«Cosa cerca il cliente quando entra al bar?». È un’ottima domanda da farsi, ma per seconda. Perché la prima deve essere: «Come faccio a farlo entrare?».
Chi imbrocca entrambe le risposte, non avrà bisogno di chiedersi «Come faccio a farlo tornare?» perché ci penserà da solo il cliente a ripresentarsi (volentieri) alla porta.
Un cliente che, ci dicono le ricerche di mercato, è oggi sempre più cauto e selettivo nelle scelte. Perché i soldi che ha in tasca, che sono meno di quelli che vorrebbe avere, li vuole spendere bene. Nel senso di uscire soddisfatto dall’esperienza. E per fare una buona esperienza, nel bar dove va “deve succedere qualcosa”. Qualcosa di piacevole, di coinvolgente, che lo faccia uscire meglio di come è entrato. Più sollevato, più gratificato; esagerando: più felice.

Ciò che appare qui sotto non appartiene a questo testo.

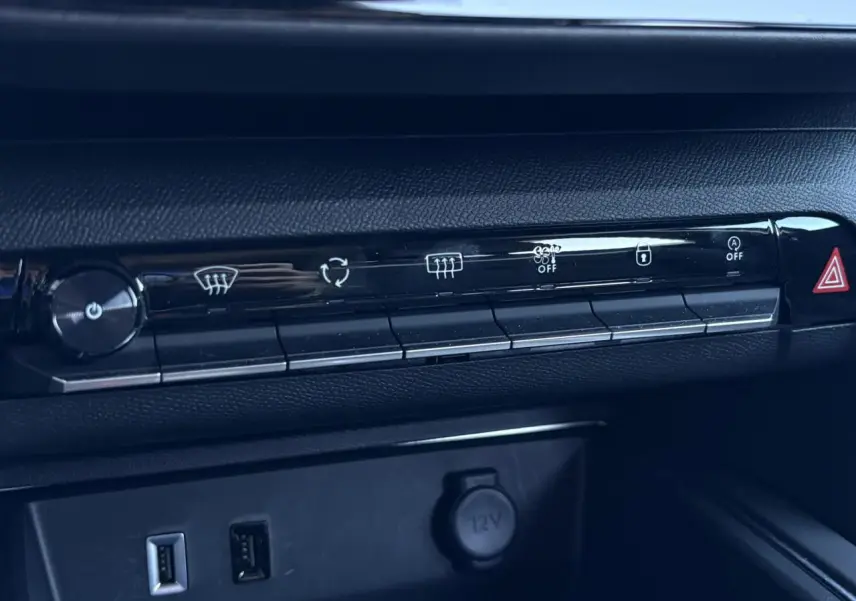Gros plan sur la console centrale noire du Citroën C5 Aircross Hybrid avec commandes climatisation et prises USB visibles.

E allora il bar diventa un luogo di sostanza: dove quello che conta, oltre a offrire cibi e bevande che non lesinano sulla qualità (le scelte da “braccino corto” mai come oggi sortiscono l’effetto boomerang) è la capacità di offrire una parola antica tornata moderna: ospitalità.

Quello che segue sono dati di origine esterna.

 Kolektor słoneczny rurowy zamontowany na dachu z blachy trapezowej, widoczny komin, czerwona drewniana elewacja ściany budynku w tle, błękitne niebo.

Con un coté moderno che si chiama sostenibilità. Questa volta nel senso di fare meno cose, ma meglio. Non per francescanesimo, ma per realismo. Anche per la necessità di fare i conti, sempre più spesso, con meno persone dello staff di quelle che occorrono. E che devono riorientare l’attenzione da quello che stanno facendo (nel bicchiere, nel piatto) alla persona per la quale lo stanno preparando.
Non è più tempo di orpelli, di sofisticatezze estreme, di menu senza fine. Non diciamo “poco ma buono”, ma “non troppo, ma eccellente”.
Il mercato si divide in maniera sempre più netta tra chi lavora troppo poco e chi non riesce ad accontentare tutti. Questione di fortuna? «La fortuna è un dividendo del sudore. Più sudi, più diventi fortunato» è una delle frasi celebri di Ray Kroc, uno dei fondatori di McDonald’s.
Sudore, anche qui, inteso come sostanza. Quella cerebrale, che spinge a studiare come fare sempre meglio. E quella dei contenuti della relazione con il cliente.
Ma è richiesta più attenzione anche alle sostanze. Da maneggiare con cura. Nel cibo, è tempo di eliminare l’etichetta di “alternative” a tutte le scelte che sempre più persone fanno di rinunciare a questo, quello o quell’altro qualunque sia il motivo. Semplicemente, devono far parte del menu.
Nel beverage, va tenuta in seria considerazione (e adeguatamente soddisfatta) la tendenza di un numero crescente di giovani a ridurre o eliminare il tenore alcolico dai loro bicchieri. E il giro di vite dato dalla recente revisione del codice della strada contribuirà a rafforzare la tendenza.
La buona notizia è che il bar resta un luogo di riferimento per le persone di ieri e di oggi. Un luogo e un’esperienza a cui non si rinuncia a cuor leggero. Soprattutto se chi è dall’altra parte del banco è capace di trasformarlo in un “luogo del cuore”.